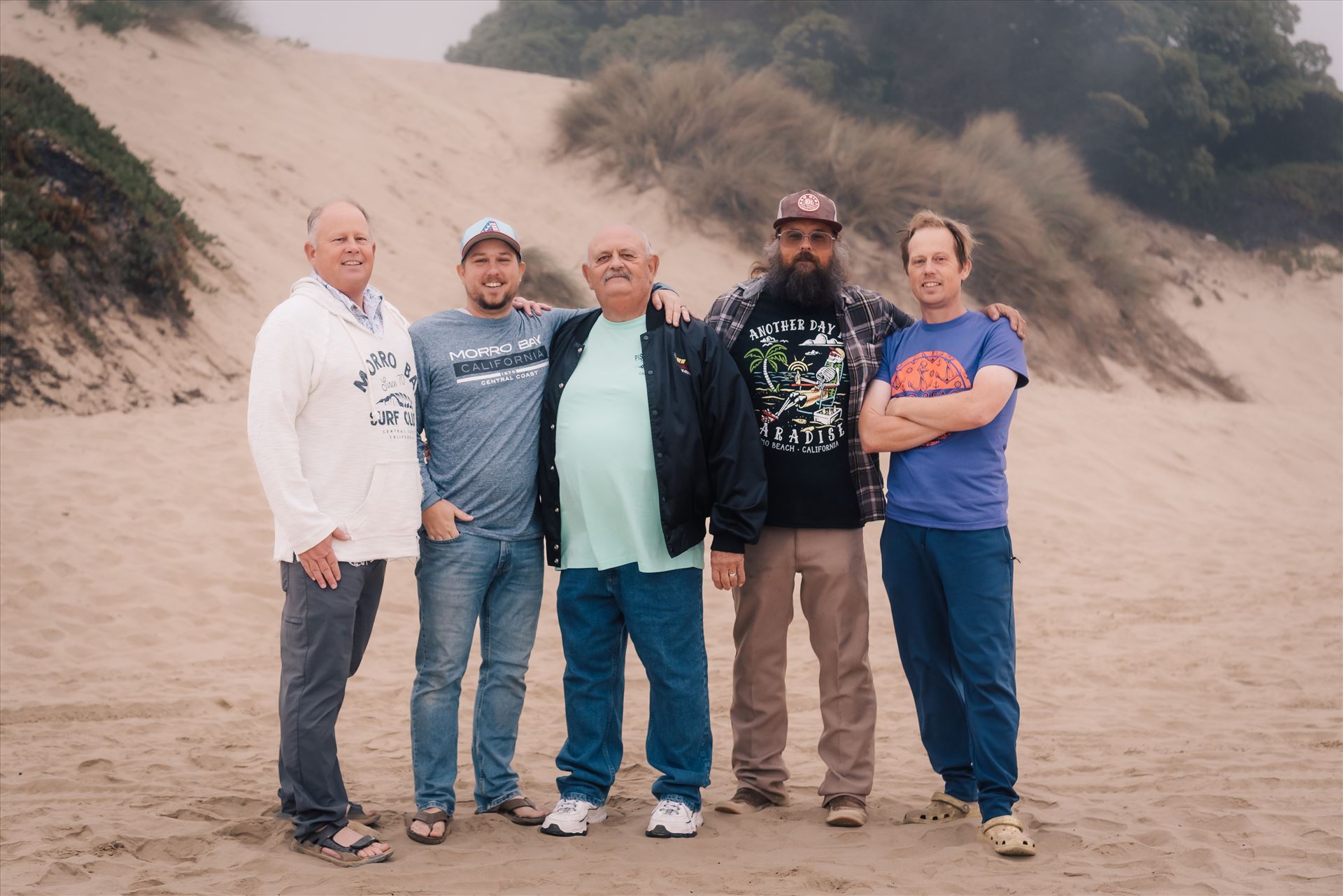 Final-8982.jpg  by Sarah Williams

--

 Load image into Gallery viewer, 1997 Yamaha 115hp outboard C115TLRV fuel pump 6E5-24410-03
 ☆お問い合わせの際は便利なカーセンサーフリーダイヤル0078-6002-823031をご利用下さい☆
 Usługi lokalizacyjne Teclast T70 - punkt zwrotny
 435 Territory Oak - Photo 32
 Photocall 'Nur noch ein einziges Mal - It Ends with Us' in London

---

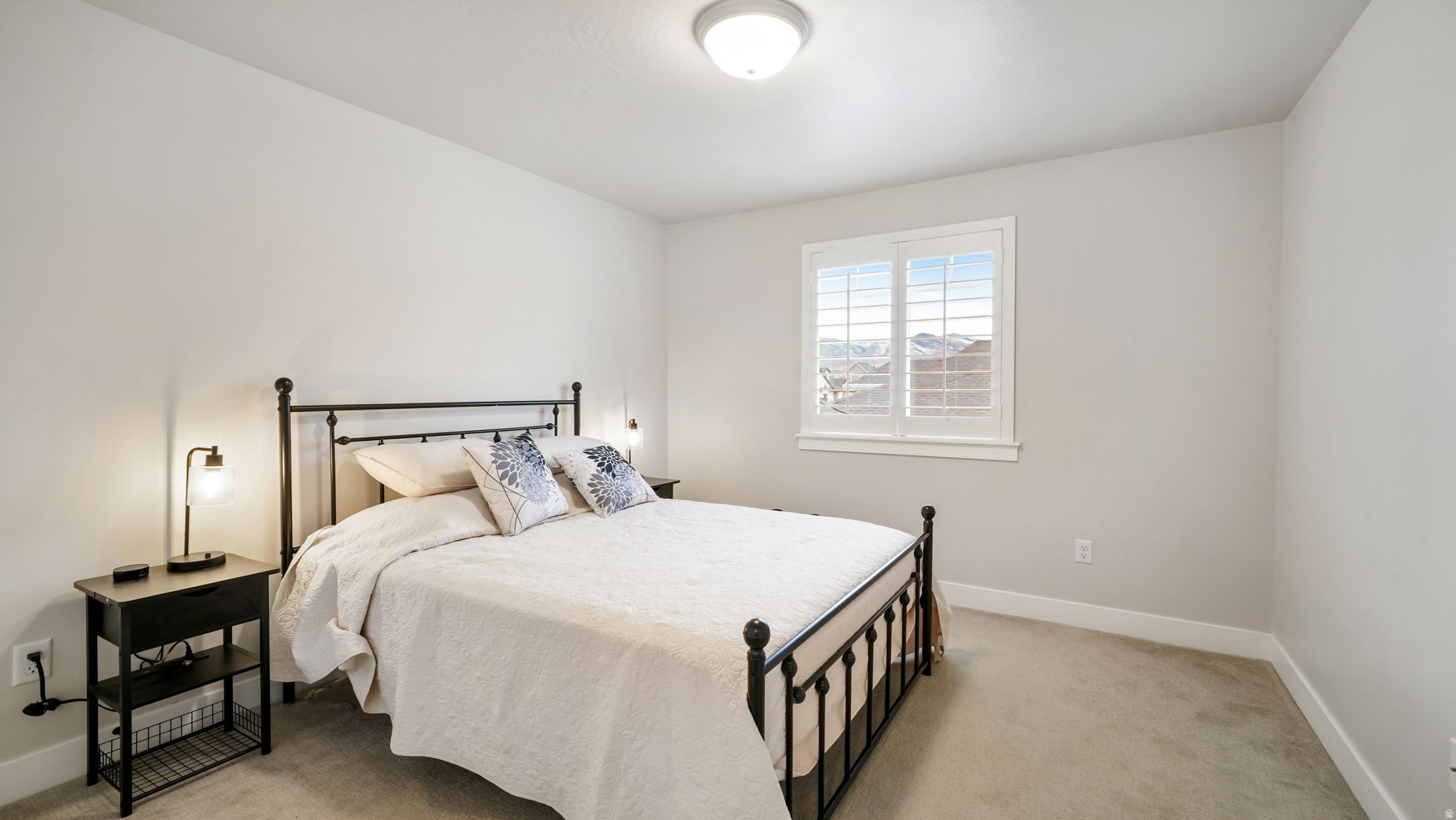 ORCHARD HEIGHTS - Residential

§ **TASK GOAL**
Give back the records above exactly, limited to the lines between the one holding "435 Territory Oak - Photo 32" and the one holding "Photocall 'Nur noch", inclusive.

§ **OUTPUT OF THE EXERCISE**
 435 Territory Oak - Photo 32
 Photocall 'Nur noch ein einziges Mal - It Ends with Us' in London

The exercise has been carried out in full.